Around 2007, when all of the wheels came falling off the supposedly invincible financial machine and the party abruptly ground to a halt, frat-boy rock started to sound archaic, tired, and horribly ill-suited to a country that had just had its banking industry disembowelled. For bands like Make Do and Mend, Cheap Girls and The Menzingers, acts that moreover focussed on the day-to-day grind of living as opposed to the anarchic gild of Against Me!, punk, once more, became about justified anger at dazzling unfairness.
The Menzingers, over their four album career, have made no frills about what it is to creep towards the dependencies and pressures of middle-age. Their albums, and most notably 2012’s magnificent On The Impossible Past, blaze with nostalgia and anger at their own inability to achieve, set deeply within a subversive Americana that smacks of Rad Bradbury or Stephen King. The diners and muscle cars, settings for the transient, hopelessly optimistic American personal quest, are instead receptacles for overripe dreams and disenchantment.
Rented World, their fourth full-length, initially seems like an extension of On The Impossible Past. Its settings are still the tired symbols of middle American capitalism, its subjects are buried in heartache, left wondering about the future and mortality, and always yearning for a time that’s now unreachable. Their ‘Rented World’, a phrase taken from a Philip Larkin poem about waking during that dark, still time just before dawn, is still too big for us all to understand; instead The Menzingers continue to seek out the snapshots of hope before our lease on this planet runs out.
Yet this album, for all of its sharp musicianship and the ever-brilliant play-off between vocalists Greg Barnett and Tom May, just doesn’t capture the gravity of its predecessor. This is partially due to the increased immediacy of the music, and in part down to the loss of lyrical nuance. It’s almost as if the band’s huge touring cycle after their last album prompted the fourpiece to swap in live-friendly heavier riffs for the ebb and flow of their deft lyric-led approach. The Menzingers of Rented World, as the almost banal opener ‘I Don’t Want To Be An Asshole Anymore’ proves, are much closer to the wasteful, fist-pumping punk of the early naughties.
The opening barrage, thankfully, doesn’t set the scene for the rest of the record. ‘Nothing Feels Good Anymore’ roils with thoughts of inadequacy and the dreamlike desperation of trying to run through molasses. The final two tracks, ‘Sentimental Physic’ and ‘When You Died’ are respectively the heaviest and softest tracks on the record, pitching fury against a Bob Dylan-like, distant meander through a deeply personal topic.

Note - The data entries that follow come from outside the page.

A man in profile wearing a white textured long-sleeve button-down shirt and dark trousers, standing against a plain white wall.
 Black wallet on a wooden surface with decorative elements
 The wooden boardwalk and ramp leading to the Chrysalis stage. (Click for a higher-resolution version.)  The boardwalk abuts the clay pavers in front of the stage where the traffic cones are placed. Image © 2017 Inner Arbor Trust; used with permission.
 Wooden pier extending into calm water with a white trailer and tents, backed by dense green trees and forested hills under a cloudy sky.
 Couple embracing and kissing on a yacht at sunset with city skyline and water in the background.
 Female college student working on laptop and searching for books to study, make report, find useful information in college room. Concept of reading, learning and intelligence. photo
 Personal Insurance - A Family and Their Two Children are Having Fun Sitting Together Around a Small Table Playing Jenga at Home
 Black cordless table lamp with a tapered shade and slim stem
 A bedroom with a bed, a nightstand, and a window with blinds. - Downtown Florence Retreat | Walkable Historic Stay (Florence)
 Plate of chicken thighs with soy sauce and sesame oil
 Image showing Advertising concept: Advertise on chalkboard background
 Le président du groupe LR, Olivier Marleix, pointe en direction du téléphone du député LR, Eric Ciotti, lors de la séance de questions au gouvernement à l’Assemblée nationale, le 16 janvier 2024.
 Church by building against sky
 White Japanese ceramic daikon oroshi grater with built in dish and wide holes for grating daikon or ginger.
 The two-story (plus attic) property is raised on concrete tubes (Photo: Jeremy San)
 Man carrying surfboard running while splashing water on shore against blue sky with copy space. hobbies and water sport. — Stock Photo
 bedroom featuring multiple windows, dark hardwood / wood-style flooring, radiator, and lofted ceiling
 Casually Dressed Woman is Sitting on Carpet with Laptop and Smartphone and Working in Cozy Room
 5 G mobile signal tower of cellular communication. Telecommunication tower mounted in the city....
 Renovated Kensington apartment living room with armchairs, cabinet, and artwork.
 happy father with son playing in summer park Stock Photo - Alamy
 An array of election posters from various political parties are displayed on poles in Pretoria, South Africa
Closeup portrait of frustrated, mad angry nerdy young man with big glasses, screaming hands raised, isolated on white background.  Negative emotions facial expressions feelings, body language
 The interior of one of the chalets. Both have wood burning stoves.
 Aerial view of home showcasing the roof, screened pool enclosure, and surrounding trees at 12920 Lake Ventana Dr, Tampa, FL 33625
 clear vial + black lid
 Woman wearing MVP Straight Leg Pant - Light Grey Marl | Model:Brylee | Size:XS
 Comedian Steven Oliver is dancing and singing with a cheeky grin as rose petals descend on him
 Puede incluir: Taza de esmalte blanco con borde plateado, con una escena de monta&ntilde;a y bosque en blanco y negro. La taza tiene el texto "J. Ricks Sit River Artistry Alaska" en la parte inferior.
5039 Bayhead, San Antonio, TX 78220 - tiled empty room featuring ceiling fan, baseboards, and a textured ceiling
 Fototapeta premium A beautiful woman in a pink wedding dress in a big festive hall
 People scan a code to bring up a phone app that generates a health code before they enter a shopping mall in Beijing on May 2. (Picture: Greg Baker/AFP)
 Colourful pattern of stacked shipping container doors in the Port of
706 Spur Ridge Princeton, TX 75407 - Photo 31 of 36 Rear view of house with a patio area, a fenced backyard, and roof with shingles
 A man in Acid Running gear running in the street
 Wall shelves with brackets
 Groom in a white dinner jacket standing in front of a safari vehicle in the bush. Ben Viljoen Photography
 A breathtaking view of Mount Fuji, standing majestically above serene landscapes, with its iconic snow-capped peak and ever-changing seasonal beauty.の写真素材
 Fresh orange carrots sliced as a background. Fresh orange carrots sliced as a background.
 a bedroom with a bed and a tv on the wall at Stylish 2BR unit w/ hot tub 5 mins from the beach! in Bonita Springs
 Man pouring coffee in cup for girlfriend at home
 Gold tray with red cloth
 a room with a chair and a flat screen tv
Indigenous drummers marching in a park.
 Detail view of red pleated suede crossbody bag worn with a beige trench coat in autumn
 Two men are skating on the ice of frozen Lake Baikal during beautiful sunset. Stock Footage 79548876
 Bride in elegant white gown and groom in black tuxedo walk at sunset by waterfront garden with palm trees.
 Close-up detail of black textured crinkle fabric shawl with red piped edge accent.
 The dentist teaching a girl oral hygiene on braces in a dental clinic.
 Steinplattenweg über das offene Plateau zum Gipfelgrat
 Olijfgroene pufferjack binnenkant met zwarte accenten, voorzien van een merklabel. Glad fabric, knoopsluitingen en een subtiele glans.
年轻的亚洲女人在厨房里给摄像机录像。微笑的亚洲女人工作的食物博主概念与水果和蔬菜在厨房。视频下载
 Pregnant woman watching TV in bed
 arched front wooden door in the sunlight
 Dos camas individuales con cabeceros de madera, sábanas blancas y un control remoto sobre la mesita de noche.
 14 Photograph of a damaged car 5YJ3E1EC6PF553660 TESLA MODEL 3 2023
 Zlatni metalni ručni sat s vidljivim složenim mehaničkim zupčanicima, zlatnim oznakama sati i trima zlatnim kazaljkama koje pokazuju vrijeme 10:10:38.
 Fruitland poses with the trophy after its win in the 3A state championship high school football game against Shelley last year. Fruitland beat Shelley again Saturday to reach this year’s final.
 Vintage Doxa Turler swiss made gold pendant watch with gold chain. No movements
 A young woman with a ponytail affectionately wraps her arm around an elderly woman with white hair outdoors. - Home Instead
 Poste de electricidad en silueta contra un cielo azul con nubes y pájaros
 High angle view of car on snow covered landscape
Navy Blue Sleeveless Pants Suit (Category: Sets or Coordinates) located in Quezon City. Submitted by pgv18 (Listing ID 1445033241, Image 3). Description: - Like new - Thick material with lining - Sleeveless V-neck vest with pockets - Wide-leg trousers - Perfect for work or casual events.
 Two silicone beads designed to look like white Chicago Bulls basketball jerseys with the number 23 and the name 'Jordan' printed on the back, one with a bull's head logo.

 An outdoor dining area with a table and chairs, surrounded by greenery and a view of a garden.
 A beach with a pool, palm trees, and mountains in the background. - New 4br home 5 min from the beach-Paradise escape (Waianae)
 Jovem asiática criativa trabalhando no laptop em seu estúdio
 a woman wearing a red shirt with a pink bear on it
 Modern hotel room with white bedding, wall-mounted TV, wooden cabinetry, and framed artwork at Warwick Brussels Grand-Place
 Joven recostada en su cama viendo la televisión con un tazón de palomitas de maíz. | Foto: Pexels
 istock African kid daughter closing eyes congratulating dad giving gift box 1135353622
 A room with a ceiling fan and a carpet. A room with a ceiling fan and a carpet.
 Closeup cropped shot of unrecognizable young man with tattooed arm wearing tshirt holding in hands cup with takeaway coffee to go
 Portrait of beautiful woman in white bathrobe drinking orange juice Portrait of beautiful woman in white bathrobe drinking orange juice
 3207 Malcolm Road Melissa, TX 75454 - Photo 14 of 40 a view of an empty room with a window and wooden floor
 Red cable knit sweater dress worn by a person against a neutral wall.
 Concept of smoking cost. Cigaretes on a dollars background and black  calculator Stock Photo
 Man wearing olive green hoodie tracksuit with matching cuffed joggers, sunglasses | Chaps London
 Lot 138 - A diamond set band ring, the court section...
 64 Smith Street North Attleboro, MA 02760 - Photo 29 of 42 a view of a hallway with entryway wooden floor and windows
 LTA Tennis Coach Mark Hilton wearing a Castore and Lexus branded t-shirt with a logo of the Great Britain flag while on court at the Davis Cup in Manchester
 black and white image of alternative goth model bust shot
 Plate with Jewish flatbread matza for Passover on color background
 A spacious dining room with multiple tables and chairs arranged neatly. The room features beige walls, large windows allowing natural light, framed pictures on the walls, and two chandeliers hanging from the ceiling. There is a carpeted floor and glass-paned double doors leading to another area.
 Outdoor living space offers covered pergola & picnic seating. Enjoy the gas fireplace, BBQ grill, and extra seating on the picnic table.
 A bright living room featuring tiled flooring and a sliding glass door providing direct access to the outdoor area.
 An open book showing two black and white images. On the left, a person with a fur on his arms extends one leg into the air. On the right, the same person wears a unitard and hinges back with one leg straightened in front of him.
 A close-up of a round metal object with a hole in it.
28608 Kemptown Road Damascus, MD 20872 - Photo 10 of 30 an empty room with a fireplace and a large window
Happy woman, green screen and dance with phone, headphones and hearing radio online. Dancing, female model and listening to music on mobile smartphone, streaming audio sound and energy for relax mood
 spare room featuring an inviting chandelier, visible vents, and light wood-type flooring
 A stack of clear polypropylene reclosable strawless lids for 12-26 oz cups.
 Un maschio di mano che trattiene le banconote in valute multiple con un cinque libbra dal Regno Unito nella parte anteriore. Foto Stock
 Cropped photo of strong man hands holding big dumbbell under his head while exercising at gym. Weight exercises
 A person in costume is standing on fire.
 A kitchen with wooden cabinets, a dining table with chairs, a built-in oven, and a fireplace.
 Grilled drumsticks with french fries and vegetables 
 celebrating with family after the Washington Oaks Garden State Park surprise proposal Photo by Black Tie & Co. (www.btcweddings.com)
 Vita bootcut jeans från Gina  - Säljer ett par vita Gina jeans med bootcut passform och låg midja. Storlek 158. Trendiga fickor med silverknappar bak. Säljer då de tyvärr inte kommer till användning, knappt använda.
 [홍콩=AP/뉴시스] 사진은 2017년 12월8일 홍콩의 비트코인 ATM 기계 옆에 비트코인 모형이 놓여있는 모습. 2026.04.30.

As the ending to Rented World goes to show, The Menzingers clearly haven’t lost the knack to talk universally in personal tones. The process behind this record is most likely the greatest cause behind the somewhat-tired themes that push Rented World away from the strength of its forebears, favouring an immediate sound that shuns the storytelling ebb and flow of what they’ve done before. However, for a band that’ve become the mouthpiece for a generation buried by expectation and social pressures, this album is a disappointment.